This article is part of our reviews of AI research papers, a series of posts that explore the latest findings in artificial intelligence.
If I told you to imagine something between a horse and a bird—say, a flying horse—would you need to see a concrete example? Such a creature does not exist, but nothing prevents us from using our imagination to create one: the Pegasus.
The human mind has all kinds of mechanisms to create new concepts by combining abstract and concrete knowledge it has of the real world. We can imagine existing things that we might have never seen (a horse with a long neck—a giraffe), as well as things that do not exist in real life (a winged serpent that breathes fire—a dragon). This cognitive flexibility allows us to learn new things with few and sometimes no new examples.
In contrast, machine learning and deep learning, the current leading fields of artificial intelligence, are known to require many examples to learn new tasks, even when they are related to things they already know.
Overcoming this challenge has led to a host of research work and innovation in machine learning. And although we are still far from creating artificial intelligence that can replicate the brain’s capacity for understanding, the progress in the field is remarkable.

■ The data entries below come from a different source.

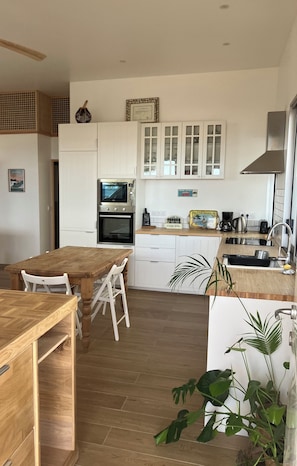 Eine kleine Küche mit weißen Schränken, einem Holztisch und einem eingebauten Backofen.
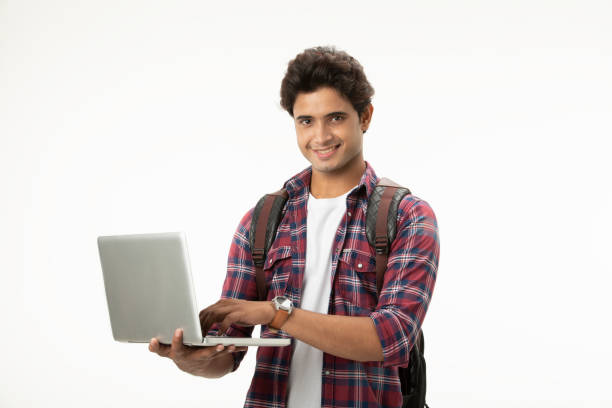 istock Portrait of positive joyful Indian  man using laptop and looking at camera. 2093454879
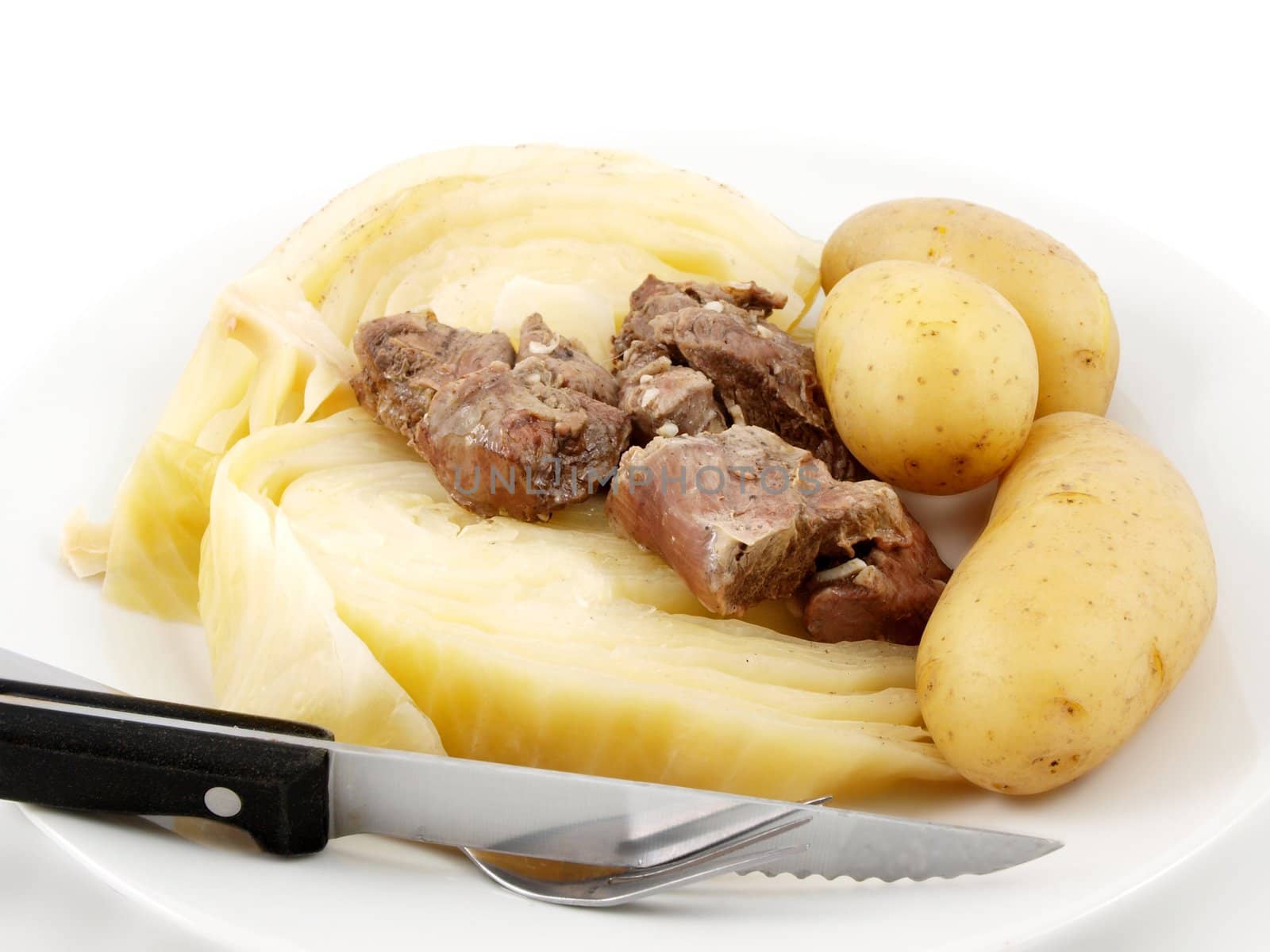 Boiled meat and cabbage, with potatoes, knife and fork, white plate towards white background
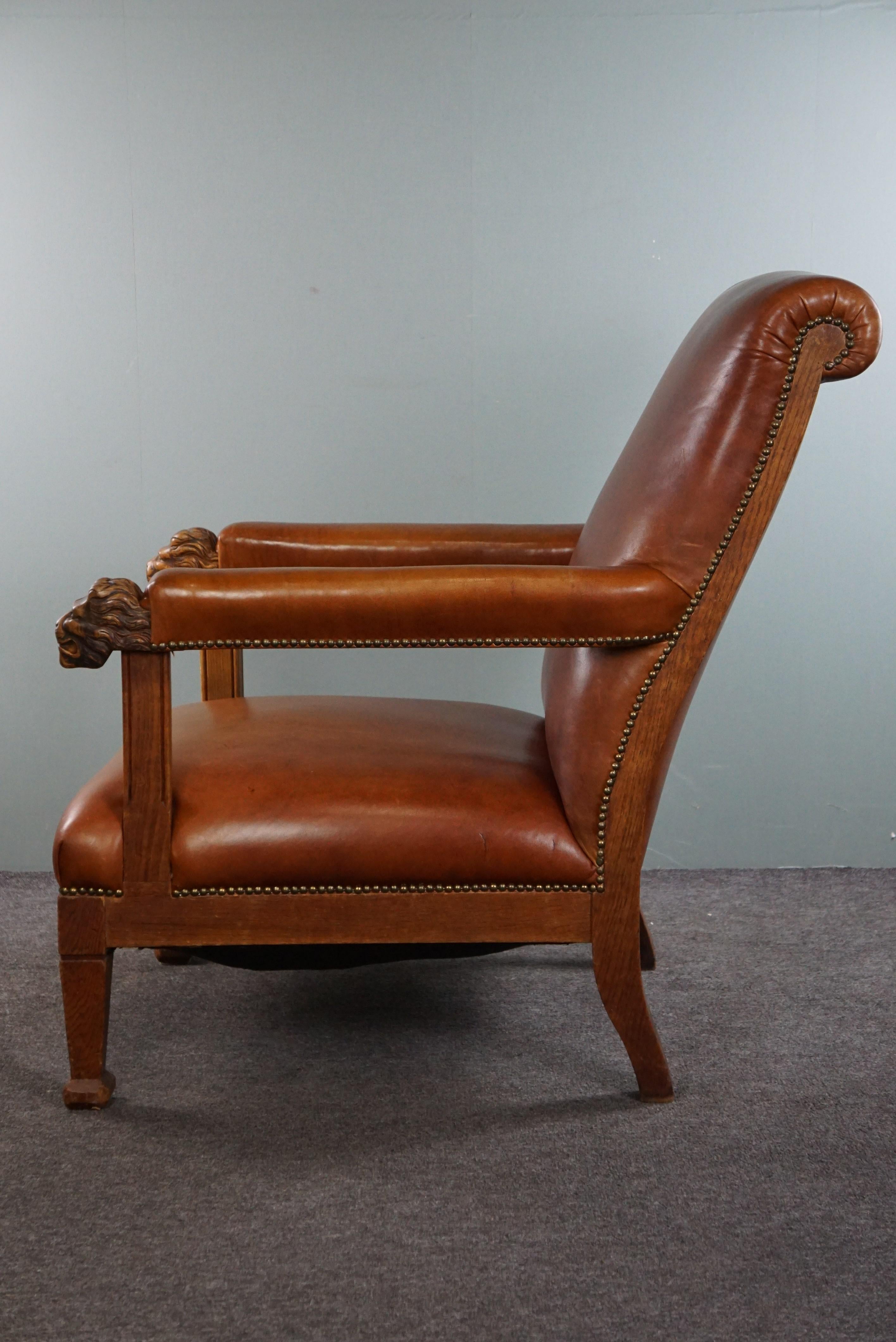 20ième siècle Fauteuil avec têtes de lion retapissé en cuir de vache de couleur cognac en vente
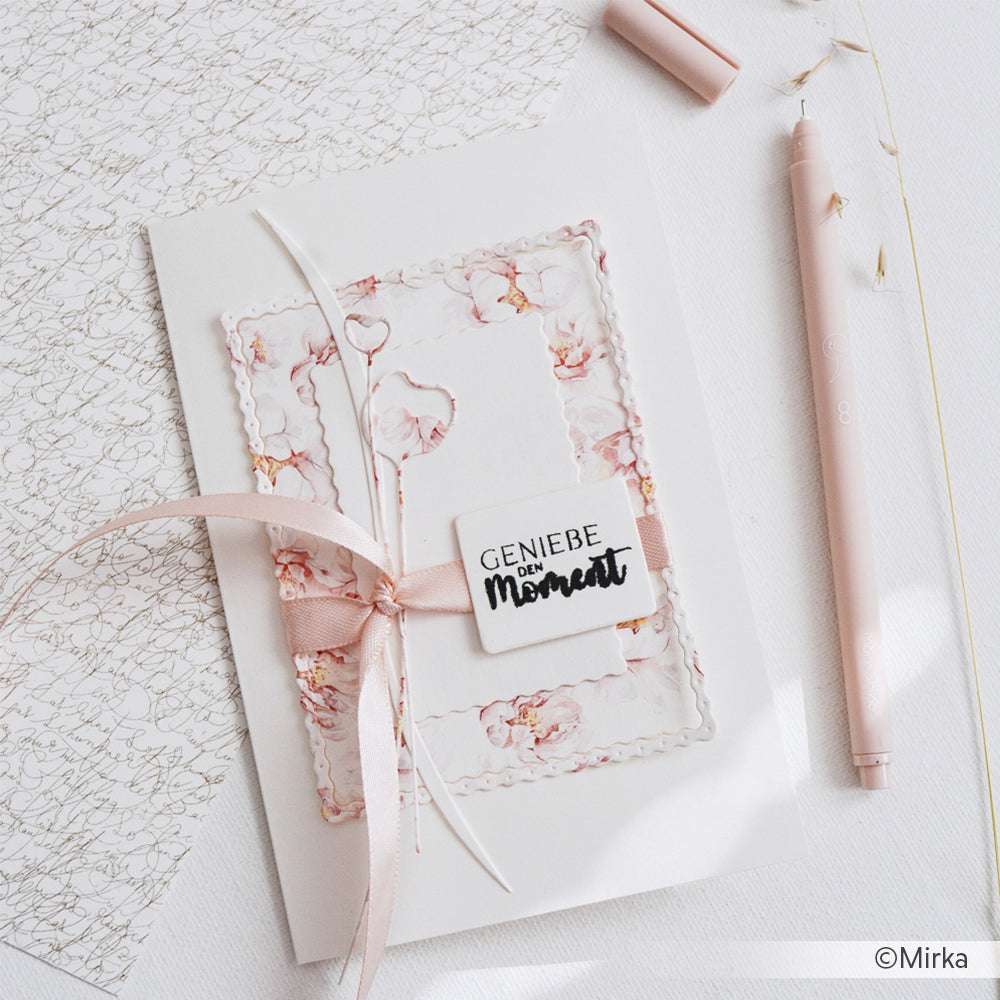 Elegante florale Grußkarte mit rosa Schleife, hergestellt mit den Motivstanze Dies von Alexandra Renke aus dem Set Artistblumen, neben einem rosa Stift und handgeschriebenem Schreibpapier.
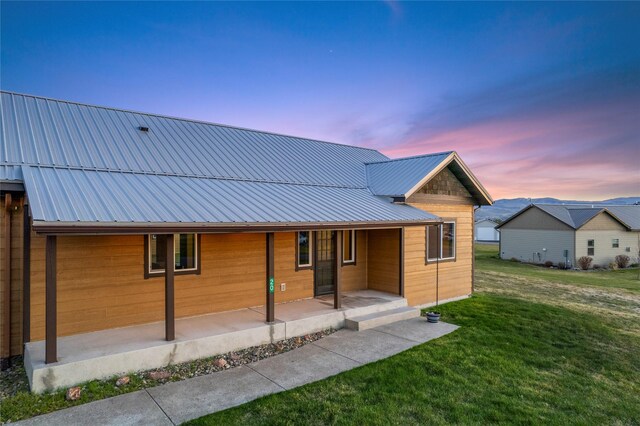 20 Windy Meadow Dr, Townsend, MT 59644 - property exterior at dusk with covered porch and metal roof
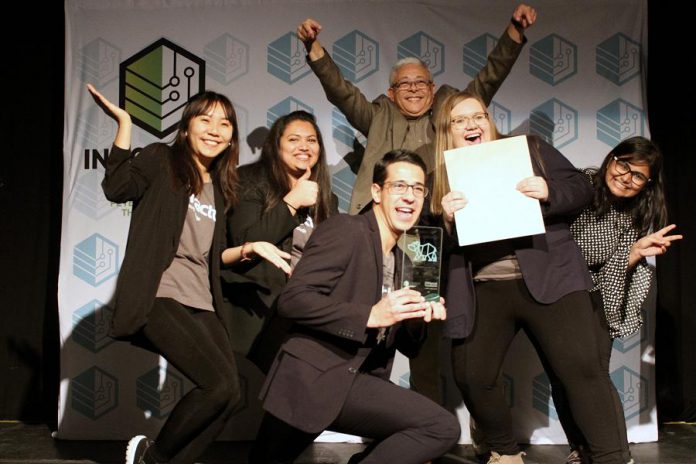 Members of the Enactus Fleming College team behind Paper Plant Project (with Fleming College professor of business studies and lead Enactus faculty advisor Raymond Yip Choy at the back) celebrating their win of the grand prize at the fifth annual Cubs' Lair entrepreneurship competition, held on November 21, 2019 at the Gordon Best Theatre in downtown Peterborough. This is the third prize since September for the Paper Plant Project, a social enterprise that produces paper planters from recycled paper waste as educative kits for schools to promote biodegradable practices. (Photo courtesy of Innovation Cluster)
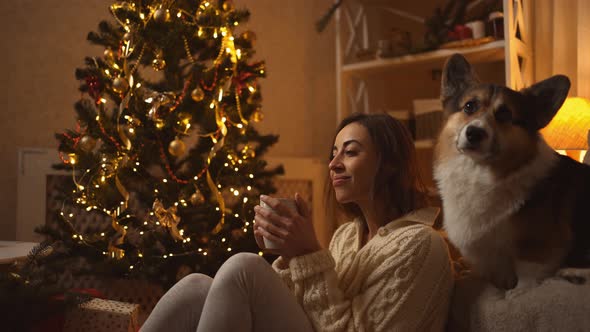 Slow Motion Broll Happy Girl in White Knitted Sweater Drinks Hot Chocolate and Relaxing Sitting on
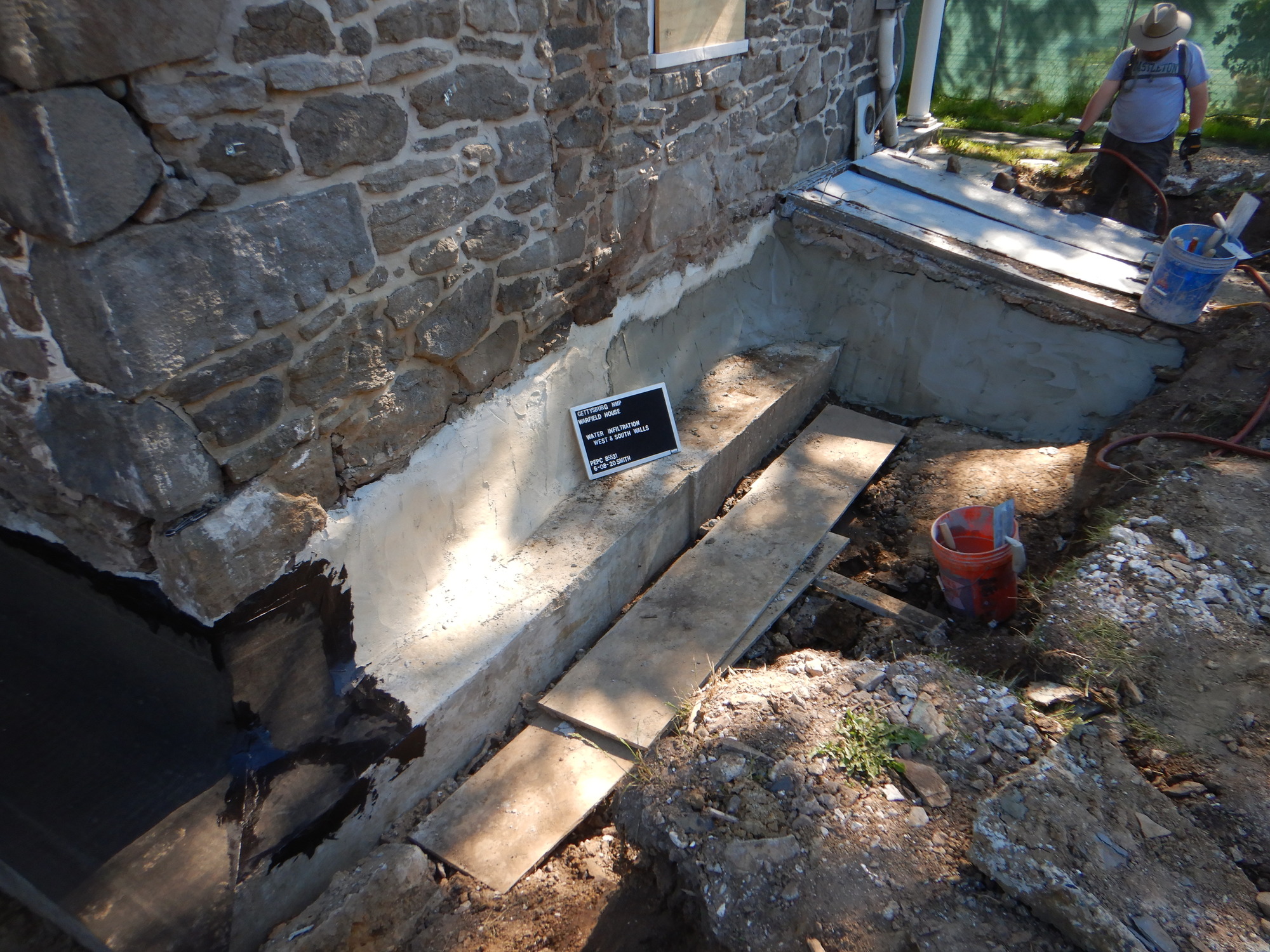 A NPS worker is seen in the background to the right. He is working on the rubber moisture barrier. The historic masonry foundation is repaired with the footer installation. Construction tools and wood boards are seen near the newly installed footer.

For instance, transfer learning is a technique that enables developers to finetune an artificial neural network for a new task without the need for many training examples. Few-shot and one-shot learning enable a machine learning model trained on one task to perform a related task with a single or very few new examples. For instance, if you have an image classifier trained to detect volleyballs and soccer balls, you can use one-shot learning to add basketball to the list of classes it can detect.
A new technique dubbed “less-than-one-shot learning” (or LO-shot learning), recently developed by AI scientists at the University of Waterloo, takes one-shot learning to the next level. The idea behind LO-shot learning is that to train a machine learning model to detect M classes, you need less than one sample per class. The technique, introduced in a paper published in the arXiv preprocessor, is still in its early stages but shows promise and can be useful in various scenarios where there is not enough data or too many classes.
The k-NN classifier
The LO-shot learning technique proposed by the researchers applies to the “k-nearest neighbors” machine learning algorithm. K-NN can be used for both classification (determining the category of an input) or regression (predicting the outcome of an input) tasks. But for the sake of this discussion, we’ll stick to classification.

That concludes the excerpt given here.